Through cross-referencing, we can also see how ideas about Biblical translation into local vernaculars spread along this route. We know that members of the Plantagenet, Brabant, and Luxembourg families initially supported Biblical translation into the vernacular. Anne's future husband's uncle, John of Gaunt, was a reputed supporter of John Wyclif, whose followers were among the earliest translators of the Bible into English (see, for example, Barr, 1.290). And we know that Wyclif's writings were taught at the university in Prague. In Prague, Anne's brother Wenceslas owned a German translation (Jirouškova, 2.637), and Anne brought to England her "Evangeliary written in Czech, German, and Latin" (2.643). By the time the Council of Constance met, though, Wyclif's teachings were formally condemned, and his Czech disciple Jan Hus was declared a heretic and executed (Wallace, 2.662). In the span of time covered byEurope, Wyclif's ideas had been formulated, promulgated, acted upon, discredited, and condemned from England to Prague.

With these brief observations, I am not arguing that Wallace's volumes allowed me to see something absolutely novel or hitherto invisible. I am saying, though, that this compilation holds the promise of identifying underappreciated, understudied literary networks that merit deeper and more exhaustive study--even if that means some of the noted patterns tell us less about fourteenth-century Europe and more about the interests of twenty-first literary scholars of those regions.

Europe: A Literary History is best approached as a medieval compendium posing as a travel guide. Clocking in at nearly 1700 pages and weighing over eight pounds, it is reminiscent of outsized medieval codices too large for dipping into while traveling or reading straight through while curled up in a favorite reading chair. It deserves one of those reading desks that medieval scholars are depicted using, where they can have multiple volumes open simultaneously. I read the volumes at my desk, with my computer's internet browser open so I could search maps and images, taking each side trip that this literary Baedeker encourages us to take. As with any Baedeker, the use and value of Europe depends on the user. I found most useful the chapters on cities (and their literature) with which I was more familiar. The deluge of information neatly fit into my mental frameworks, even as it disrupted some of my previous knowledge. For those cities (and their literatures) most unknown to me, the rush of information packed into a short essay felt like a deluge. I advise readers--just as I'd advise travelers--to guide your perusals by selecting a topic--such as "vernacular fictions," "Latin verse," "women's writing," or "Biblical translation." I also recommend tracing other routes that intersect with the organizing itineraries. For instance, choose the travels of a person. I chose Anne of Bohemia, but many other figures would serve: Mauchaut, Froissart, Chaucer, Petrarch, Margery Kempe, Hildegard of Bingen, Henry Bolingbroke, Ibn al-Khatib, or Gregory Tsamblak. Or choose the journeys of a text: Mandeville's Travels not only depicts travels but travelled itself throughout Europe and Europe's two volumes. Each chapter is an excellent starting point for considering these European literary itineraries. By then connecting a chapter thematically to other chapters in Europe, the reader will find new vistas for exploration.

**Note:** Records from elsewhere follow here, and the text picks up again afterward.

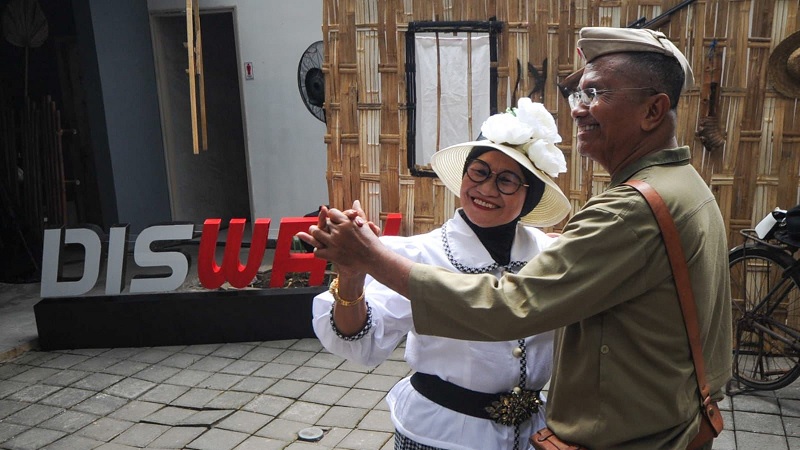 Dahlan Iskan bersama istri di ulang tahun Harian Disway. -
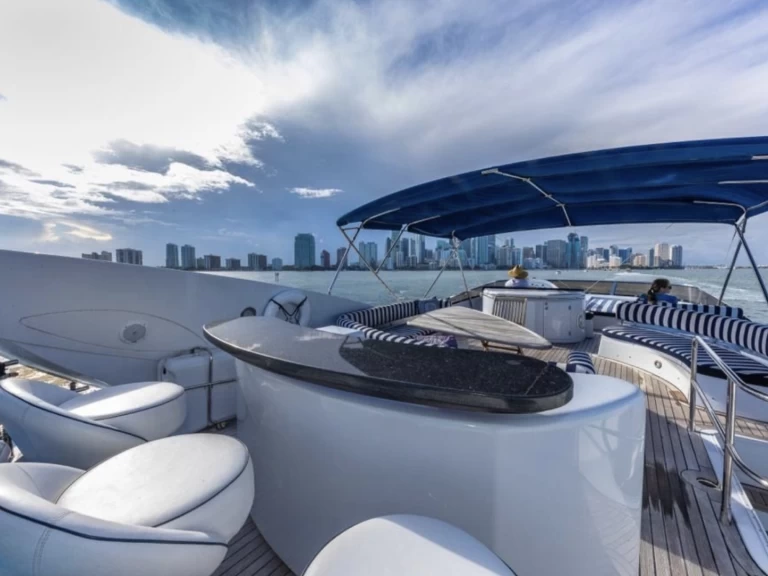 Wynajmij Sunseeker Manhattan 80 w Miami Beach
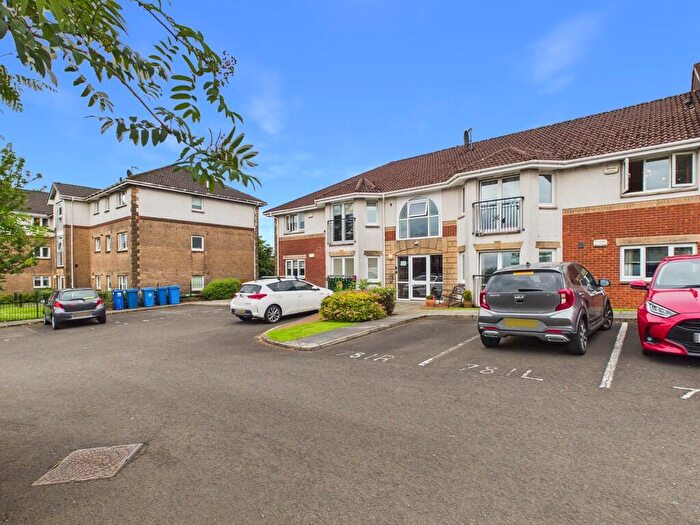 2 Bedroom Flat For Sale In Oakburn Walk, Jamestown, Alexandria, G83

My major desiderata: I wish Europe came with--or linked to--a detailed map that, in addition to identifying each of the 82 places with a chapter, noted the roads and waterways linking the cities on each circuit. As much as I appreciated how the endpapers' unbordered maps encouraged me to create new itineraries, I frequently wished for carefully plotted maps that would provide initial orientation.